Gue berjalan ke halaman depan sambil nunggu Evan balik dengan membawa sepeda yang dia bicarakan tadi. Nggak sabar banget ngerasain di bonceng Evan pakai sepeda ontel, dengan suasana pedesaan kayak gini. Pasti bakal romantis banget kan rasanya! Hehehe.

Oiya, hari ini kita emang cuma pergi keliling berdua aja. Karena Kakek dan Nenek pergi ke kandang Kuda untuk mempersiapkan kelahiran bayi nya Britney, si Kuda kesayangan Kakek dan Nenek itu. Sedangkan Kanaya dan Aura pergi ke Supermarket, yang jaraknya cukup jauh dari sini, untuk membeli keperluan BBQ an nanti malam.
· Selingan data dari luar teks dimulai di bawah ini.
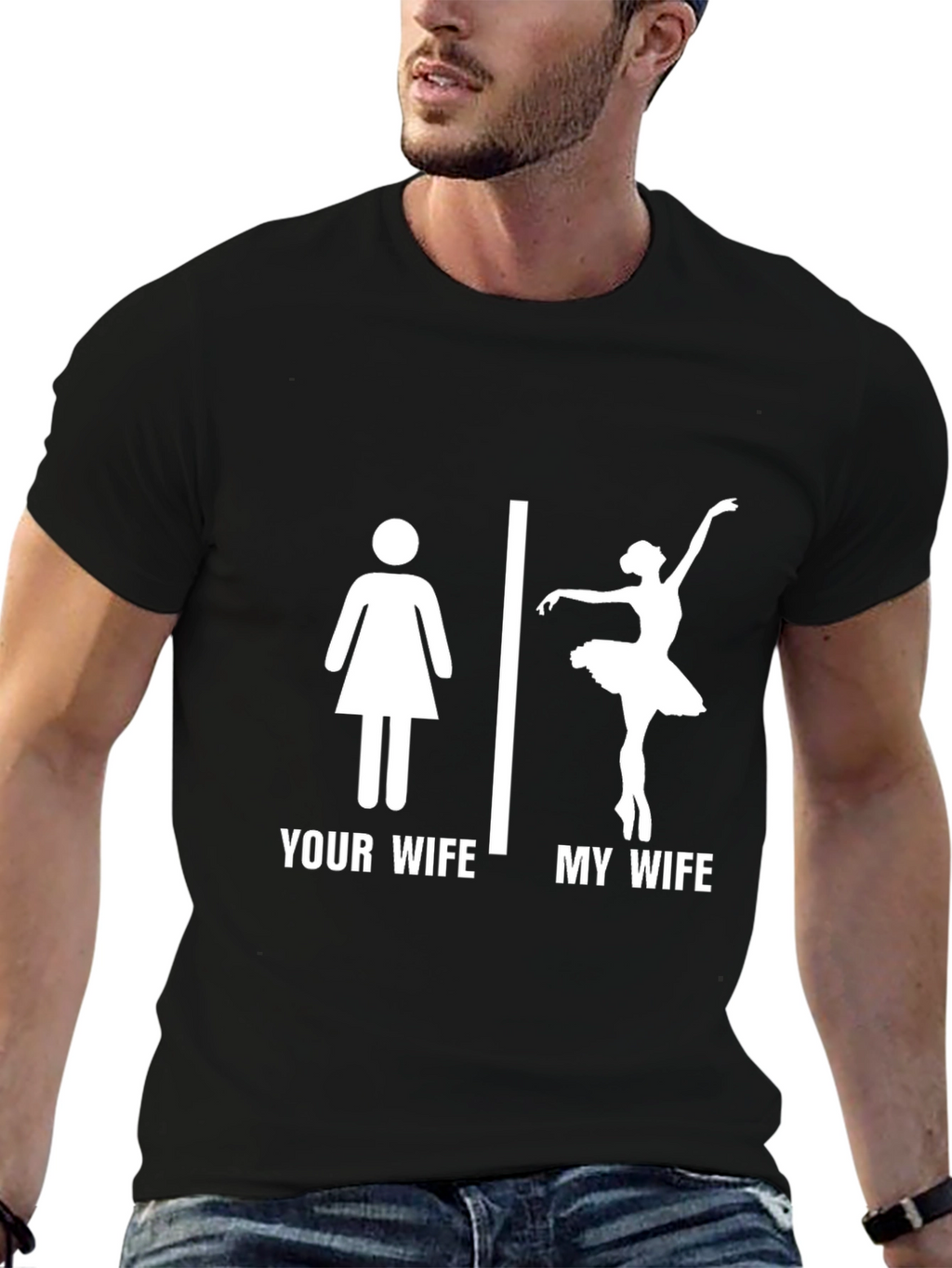 Funny My Wife Ballerina T-Shirt - Black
Selama berada disini, gue disambut dengan sangat baik sama keluarga Evan. Membuat gue langsung merasakan kehangatan dari keluarga ini. Kalo udah kayak gini kan bikin gue jadi nggak mau pulang aja.. hehe.
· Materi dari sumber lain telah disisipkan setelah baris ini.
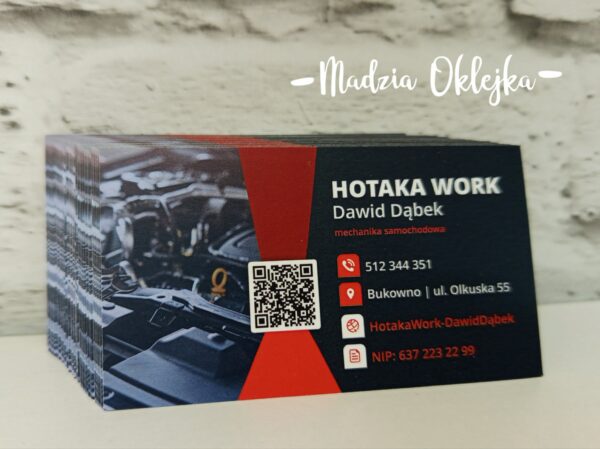 Wizytówki firmowe, Hotaka Work, Bukowno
"Yuk.." Evan berhenti tepat didepan gue yang masih berdiri di ambang pagar rumah. Melihat Evan datang dengan mengendarai sepeda tua itu membuat gue nggak bisa menutupi rasa ingin tertawa dan tersenyum. He looks so cute, and i love it.

"Hahahaha. lo beneran bisa kan, bawa sepeda?" tanya gue, sedikit meragukan Evan.

"Ya bisa lah. Gue dari dulu itu hobi naik sepeda. Cuma karena di Jakarta itu panas, banyak polusi, dan pengendara di jalanannya nggak ramah sama pengendara sepeda, jadinya gue nggak pernah lagi naik sepeda." Jawabnya, sedikit menjelaskan. "yuk, naik." Ajaknya, sambil memberikan isyarat untuk gue naik dan duduk di belakangnya.

"Hahaha. Awas ya kalo gue sampe jatoh!" ancam gue, dan mengambil posisi duduk di belakangnya.

"Siap tuan puteri!" balas Evan.

--
Tujuan pertama gue dan Evan adalah Kebun Teh. Hamparan luas dedaunan dan pepohonan hijau ini begitu memanjakan mata gue. Sebetulnya sih ini bukan kali pertama gue dateng ke perkebunan Teh.. tapi nggak tau kenapa kali ini terasa berbeda. Kayak ada... spesial-spesial nya gitu. Hehe.

"Nes, kesana yuk." ajak Evan, setelah Ia berhasil menyenderkan sepeda yang kita kendarai di dekat salah satu pohon besar nan rindang.

Evan menunjuk ke arah gubuk kecil yang berdiri di tundukan teratas hamparan kebun teh ini. Gue rasa sih akan terlihat dengan sangat jelas seluruh kebun teh milik Kakek ini kalau kita berdiri di atas sana.

Evan meraih tangan gue dan dengan hati-hati dituntunnya ke arah tempat yang ditunjuknya tadi. Kita melewati jalan setapak yang memang sengaja dibuat sebagai jalur orang-orang untuk berlalu lalang disana. Suasana yang sejuk ini emang cocok banget jadi destinasi untuk nge-healing diri kita yang lagi punya masalah.